A.H. Smith Associates Ltd. Partnership v. Maryland Department of Environment

695 A.2d 1252, 116 Md. App. 233, 1997 Md. App. LEXIS 110
CourtCourt of Special Appeals of Maryland
DecidedJune 27, 1997
Docket1655, Sept. Term, 1996
StatusPublished
Cited by2 cases

This text of 695 A.2d 1252 (A.H. Smith Associates Ltd. Partnership v. Maryland Department of Environment) is published on Counsel Stack Legal Research, covering Court of Special Appeals of Maryland primary law. Counsel Stack provides free access to over 12 million legal documents including statutes, case law, regulations, and constitutions.

Bluebook
A.H. Smith Associates Ltd. Partnership v. Maryland Department of Environment, 695 A.2d 1252, 116 Md. App. 233, 1997 Md. App. LEXIS 110 (Md. Ct.
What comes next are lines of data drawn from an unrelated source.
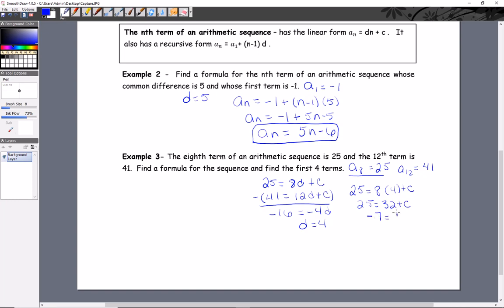Now we need to find c. Plugging d = 4 back into the first equation: 25 = 8 times 4 plus c, so 25 = 32 + c, and subtracting 32 gives c = negative 7. So we can write the formula: a_n equals 4n minus 7.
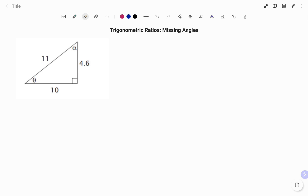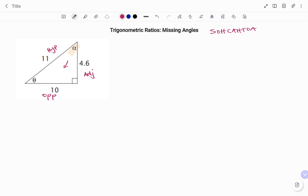In the second example we have a right angle triangle with hypotenuse 11 units and the other sides 10 and 4.6. We need to find alpha and theta. I'm going to use alpha as my reference angle. Using our trig ratios — SOH CAH TOA — tagging the sides, the side facing alpha is my opposite, the longest side is my hypotenuse, and the third side is my adjacent. I'm going to use sine, which says sine alpha equals opposite over hypotenuse.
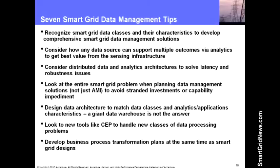On whether large utilities will manage their own data centers or outsource: it's been traditional for utilities to do this themselves, and while some outsourcing efforts and vendor services exist, they haven't been large-scale. My view is that smaller utilities may do the outsourcing of their smart grid data management, whereas the largest utilities — with extensive IT departments — will likely say they can handle it internally.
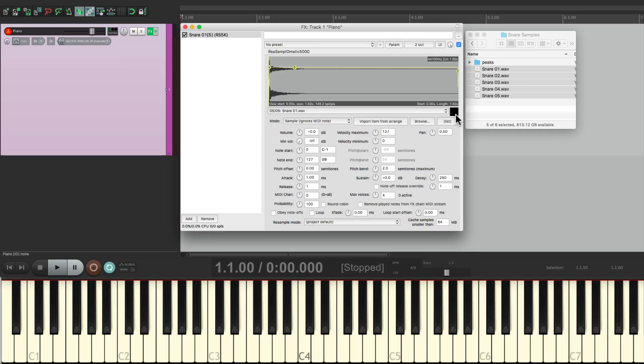So that's pretty much it. That's multi-velocity based sampling in Reaper. I hope you learned something, I hope you can use it, and I'll see you next time. Thanks.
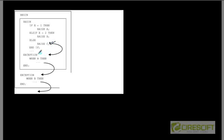In another example, we raise exception C. We do not have any exception handler for C in the inner block, and when we move to the outer block, it does not have anything for C either. Therefore in this case the program will exit with an error.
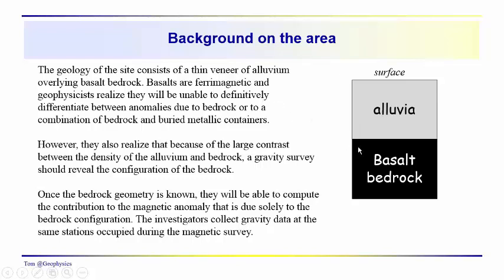When you look at that profile, you're really unable to tell if you're just looking at magnetics and hoping that's going to tell you where all the drums are. You really don't know for sure what's due to bedrock and what is due to the buried drums.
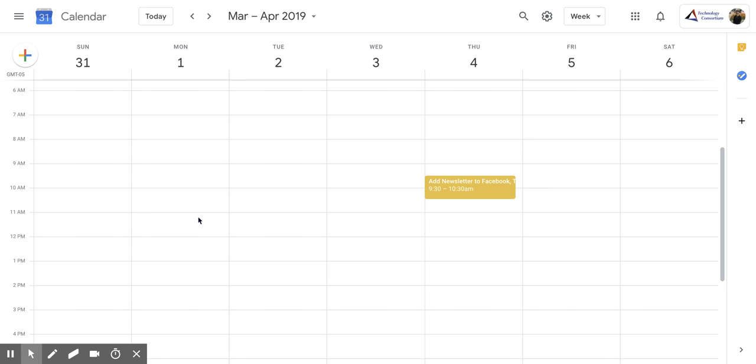Before we start, if you do not have your working hours set up on Google Calendar, you may want to do that because it could cause problems when using this function. If you don't know how to do that, you can search our channel for 'Google Calendar: how to set up your working hours' to check out that video.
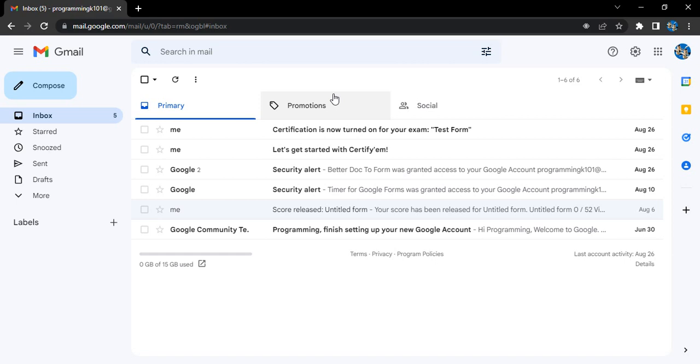Hello everyone, welcome to Google Tutorials. Today we're starting with Gmail tutorials. Gmail is a Google service that allows us to send emails to people all over the world. All we need is their email address, then we can manage our emails, connect with other people, and send them messages.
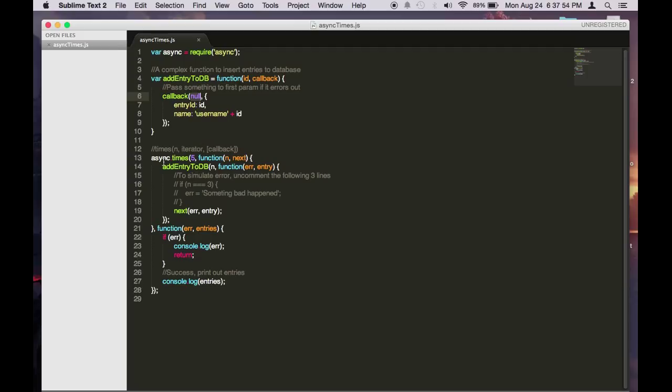So here we call async.times and I want to run this five times. So I want to create five entries to the database. And this function async.times takes a function here and then the final callback function as the third parameter.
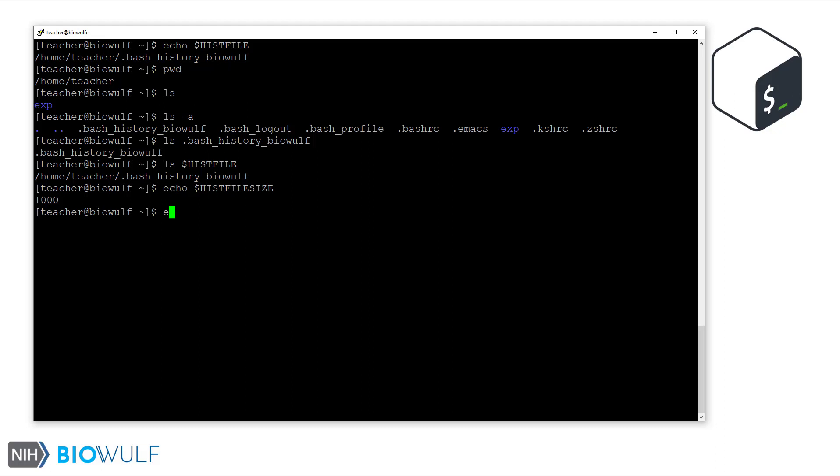There is also the histsize option, which specifies how many commands will be kept in memory in the current session, which is the history list. This can include commands from previous sessions.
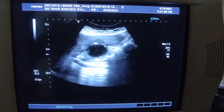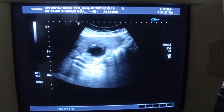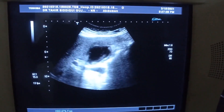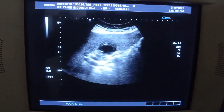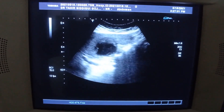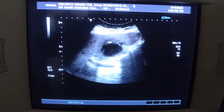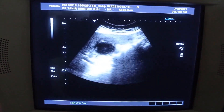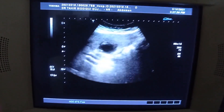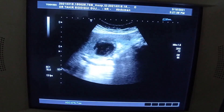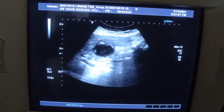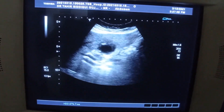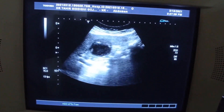Now I am focusing on the gallbladder of a 55-year-old female. She is not tender to probe and the region in front of you is the gallbladder.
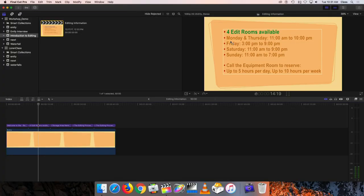Those rooms are available on the schedule shown on screen. On Mondays and Thursdays the rooms are open from 11 a.m. until 10 p.m., on Fridays from 3 p.m. until 9 p.m., Saturdays 11 a.m. until 9 p.m., and Sundays 11 a.m. to 7 p.m. It's a good idea to reserve the edit rooms if you intend to use them — you can call our equipment room to do that. You can reserve up to five hours per day and up to 10 hours per week.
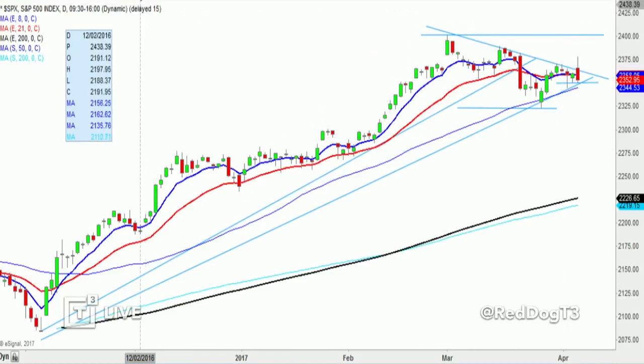Good morning. My name is Scott Rodley, Chief Strategic Officer at T3Live.com. I'm going to spend a lot of time on the SPX because a lot of things will trade off it.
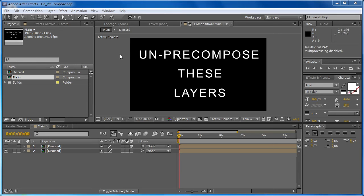Hey, this is Jesse Tula for BatchFrame.com, and in this video I'm going to be walking you through how to use the un-precompose plugin.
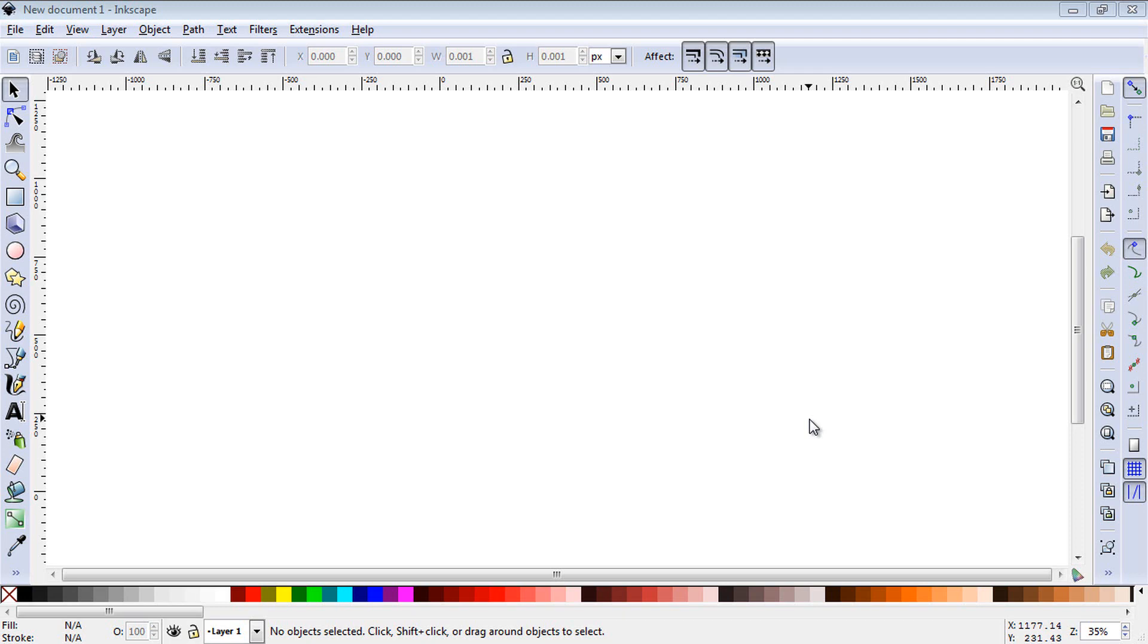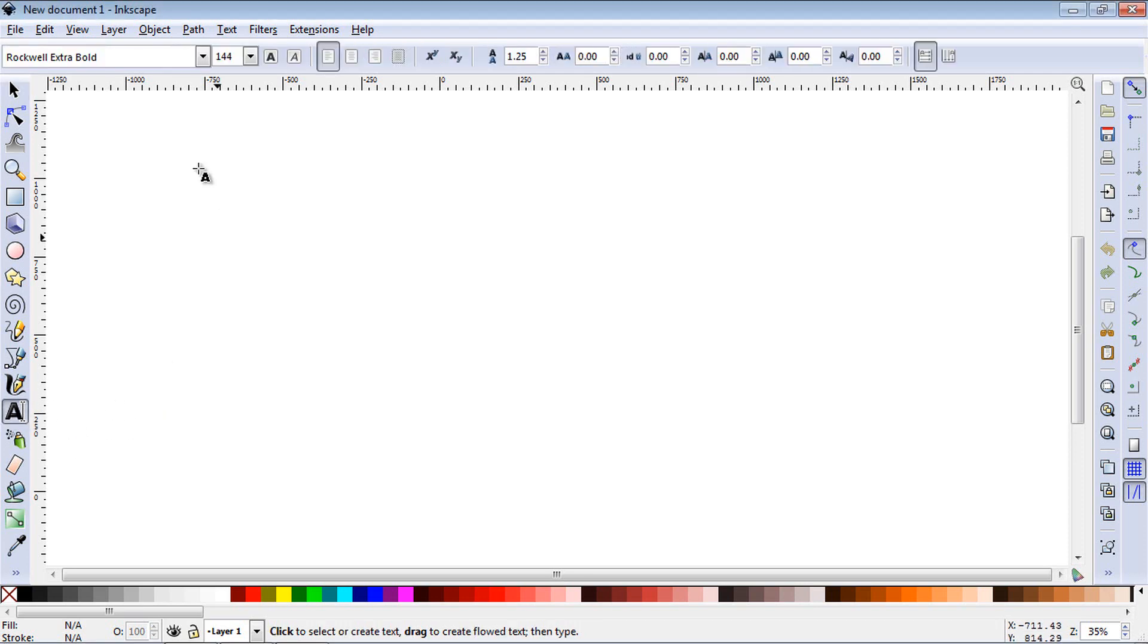In this Inkscape tutorial, I'm going to show you how to create space between your text and characters. So let's go ahead and create some text here.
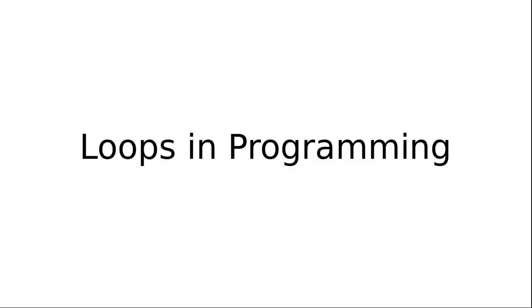Hello friends, welcome to the video lecture series on explaining different concepts of engineering, programming, and computer science. In this tutorial, we are going to see about the looping concept of programming. So let's start our journey.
App. 1997).

Opinion

CATHELL, Judge.

The Maryland Department of the Environment (MDE), appellee, brought a civil enforcement action against A.H. Smith Associates Limited Partnership (A.H. Smith), appellant, for alleged violations of 1) a Consent Order and 2) a wastewater discharge permit over the period of March 1991 through September 1994. The Circuit Court for Prince George’s County (Spellbring, J., presiding) found that appellant had *237 violated the Consent Order and the permit and imposed civil fines against appellant in the amount of $49,000. From that decision, appellant noted a timely appeal to this Court and now presents three issues for our consideration:

1. Whether the Trial Court abused its discretion in construing [the] Consent Order and permit language in favor of the Appellee, and against the Appellant, thereby improperly imposing liability.
2. Whether the Trial Court erred in concluding that the Appellant violated the Consent Order and the permit.
3. Whether the Trial Court abused its discretion in awarding $1,000.00 per violation despite clear and uncontroverted mitigating factors in favor of Appellant.

Finding no error on the part of the trial court, we shall affirm. As they are intertwined, we shall answer appellant’s first two questions together. We relate first the applicable statutory scheme and relevant facts.

Background

The Clean Water Act, 33 U.S.C. §§ 1251 et seq., generally prohibits the discharge of pollutants into the waters of the United States from point sources unless a permit has been obtained from the U.S. Environmental Protection Agency (EPA). Under a procedure established by Congress in § 402 of the Clean Water Act, 33 U.S.C. § 1342, EPA may delegate its authority to grant National Pollution Discharge Elimination System (NPDES) permits to a state with respect to point sources located within that state. A violation of an NPDES permit, whether issued by EPA or state authorities, is a violation of the Clean Water Act, thereby exposing the permit holder to liability. See Environmental Protection Agency v. California, 426 U.S. 200, 205, 96 S.Ct. 2022, 2025, 48 L.Ed.2d 578 (1976).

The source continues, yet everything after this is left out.